In my previous blog, Ensembles and Regularization – Analytics Superheroes, I reviewed the many advantages of model ensembles including removing “noise” variables, generalizing better than single component models, and reducing sensitivity to outliers.
In this article I take a deeper dive into the attributes and applications of model ensembles, and explore potential downsides to provide context for when to use them.
Ensembles Are Sophisticated
Elder Research defines ten increasingly sophisticated levels of analytics in the Ten Levels of Analytics¹. Model ensembles is Level 9, just below causal modeling, because it is a highly regarded tool for improving predictive value.
Still, don’t choose ensembles just because of their sophistication. Have them prove their worth for your modeling project. To paraphrase the star ball player in Jerry Maguire, “Show me the money!”

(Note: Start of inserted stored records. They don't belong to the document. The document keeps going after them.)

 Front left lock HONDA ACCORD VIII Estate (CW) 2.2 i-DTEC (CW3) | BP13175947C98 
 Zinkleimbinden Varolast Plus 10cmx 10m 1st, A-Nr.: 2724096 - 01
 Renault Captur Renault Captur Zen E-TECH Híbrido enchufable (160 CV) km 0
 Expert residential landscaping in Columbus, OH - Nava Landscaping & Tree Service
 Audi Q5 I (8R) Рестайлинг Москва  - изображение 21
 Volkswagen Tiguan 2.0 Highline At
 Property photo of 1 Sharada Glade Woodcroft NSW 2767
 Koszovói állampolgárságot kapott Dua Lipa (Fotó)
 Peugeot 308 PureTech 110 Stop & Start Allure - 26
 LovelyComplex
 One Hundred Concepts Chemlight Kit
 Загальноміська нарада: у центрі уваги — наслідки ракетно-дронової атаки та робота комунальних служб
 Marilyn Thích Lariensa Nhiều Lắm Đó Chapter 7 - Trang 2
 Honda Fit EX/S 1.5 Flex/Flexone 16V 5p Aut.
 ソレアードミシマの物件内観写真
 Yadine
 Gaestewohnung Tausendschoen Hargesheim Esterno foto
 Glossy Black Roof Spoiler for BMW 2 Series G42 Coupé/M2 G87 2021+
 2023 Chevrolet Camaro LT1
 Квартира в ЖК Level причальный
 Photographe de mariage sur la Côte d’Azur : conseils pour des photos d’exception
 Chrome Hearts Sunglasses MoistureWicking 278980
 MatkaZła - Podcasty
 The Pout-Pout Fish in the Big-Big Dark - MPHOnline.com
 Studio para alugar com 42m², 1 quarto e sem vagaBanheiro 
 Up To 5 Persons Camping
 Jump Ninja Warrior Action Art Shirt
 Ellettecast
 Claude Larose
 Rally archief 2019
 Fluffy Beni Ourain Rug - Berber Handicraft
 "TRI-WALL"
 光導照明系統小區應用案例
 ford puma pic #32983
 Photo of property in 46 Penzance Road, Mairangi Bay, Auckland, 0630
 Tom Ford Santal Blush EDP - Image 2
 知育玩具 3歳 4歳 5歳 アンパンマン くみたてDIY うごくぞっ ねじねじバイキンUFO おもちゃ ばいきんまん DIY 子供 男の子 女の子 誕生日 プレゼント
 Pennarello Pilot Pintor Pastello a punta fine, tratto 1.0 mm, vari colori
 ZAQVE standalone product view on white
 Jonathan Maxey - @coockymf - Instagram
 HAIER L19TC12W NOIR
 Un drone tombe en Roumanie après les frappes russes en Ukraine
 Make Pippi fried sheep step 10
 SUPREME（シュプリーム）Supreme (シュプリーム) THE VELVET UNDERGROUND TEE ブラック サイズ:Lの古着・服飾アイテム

First, define the performance metrics to use to evaluate candidate models. Standard measures such as accuracy, sensitivity, and precision may not fully address the business problem you are trying to solve. Other measures may need to be weighed to establish the winning model. These can include business and practical constraints. How will the winning model be deployed in real-world operating conditions? Will the model function at a specific workload or range of workloads where the most interesting cases are reviewed first? If so, we only care about specific points or ranges along the Receiver Operating Characteristic (ROC) curve (assuming binary classification). Metrics such as area under the curve (AUC) are meaningless in such scenarios because AUC equally weighs performance along the whole ROC curve, whereas you would only want to evaluate accuracy on the top-scoring (most interesting) cases. Another consideration is the trade-off between model performance, model interpretability, and model scoring speed. As the data grow, scoring hundreds of decision trees in a model ensemble could become too slow in situations where near real time evaluation is required.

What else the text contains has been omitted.